Das Haus, in dem sich die Eigentumswohnung befindet, erwies sich als stark renovierungsbedürftig. Die Eigentumswohnung ist für nicht mehr als 100.000 DM zu verkaufen.

Die Klägerin hat die Aufnahme von Darlehen im Rahmen dieses Projektes in X. bestritten; vielmehr stünden diese Darlehen im Zusammenhang mit der Eigentumswohnung in Z..

Sie hat beantragt,

den Beklagten zu verurteilen, an sie 70.000 DM nebst 4% Zinsen seit Rechtshängigkeit zu zahlen.

Der Beklagten hat beantragt,

die Klage abzuweisen.

Durch das angefochtene Urteil hat das Amtsgericht der Klage in vollem Umfang stattgegeben.

Gegen dieses ihm am 4. November 1997 zugestellte Urteil wendet sich der Beklagte mit seiner am 3. Dezember 1997 eingelegten und nach entsprechender Verlängerung der Berufungsbegründungsfrist am 3. Februar 1998 begründeten Berufung.

Er wiederholt zunächst sein Vorbringen aus dem ersten Rechtszug.
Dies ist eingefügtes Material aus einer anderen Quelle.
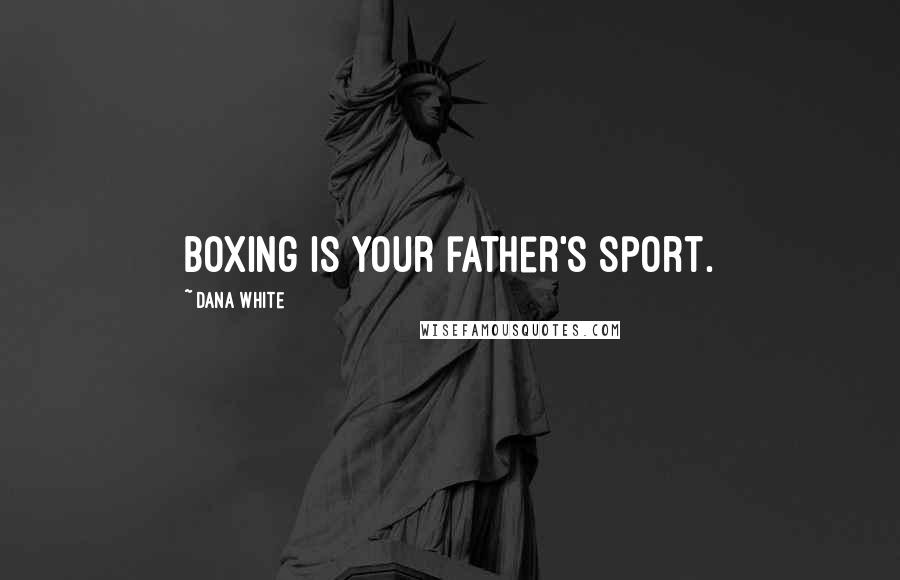 Dana White Quotes: Boxing is your father's sport.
Darüber hinaus macht er nunmehr geltend, daß in seinem Vermögen die Verbindlichkeiten die Aktivpositionen übersteigen und schon deshalb ein Zugewinnausgleichsanspruch nicht bestehe.

Der Beklagte beantragt,

das angefochtene Urteil abzuändern und die Klage abzuweisen.

Die Klägerin beantragt,

die Berufung zurückzuweisen.

Sie verteidigt das angefochtene Urteil unter Wiederholung ihres erstinstanzlichen Vorbringens.

Entscheidungsgründe

Die Berufung des Beklagten ist zulässig und hat in der Sache Erfolg.

Der Klägerin steht ein Zugewinnausgleichsanspruch gemäß den §§ 1372 ff. BGB gegen den Beklagten nicht zu.

Dabei kann dahinstehen, ob der Beklagte bei Zustellung des Scheidungsantrages am 6. März 1993 einen höheren Zugewinn als die Klägerin erzielt hat und damit an sich ausgleichspflichtig gewesen wäre.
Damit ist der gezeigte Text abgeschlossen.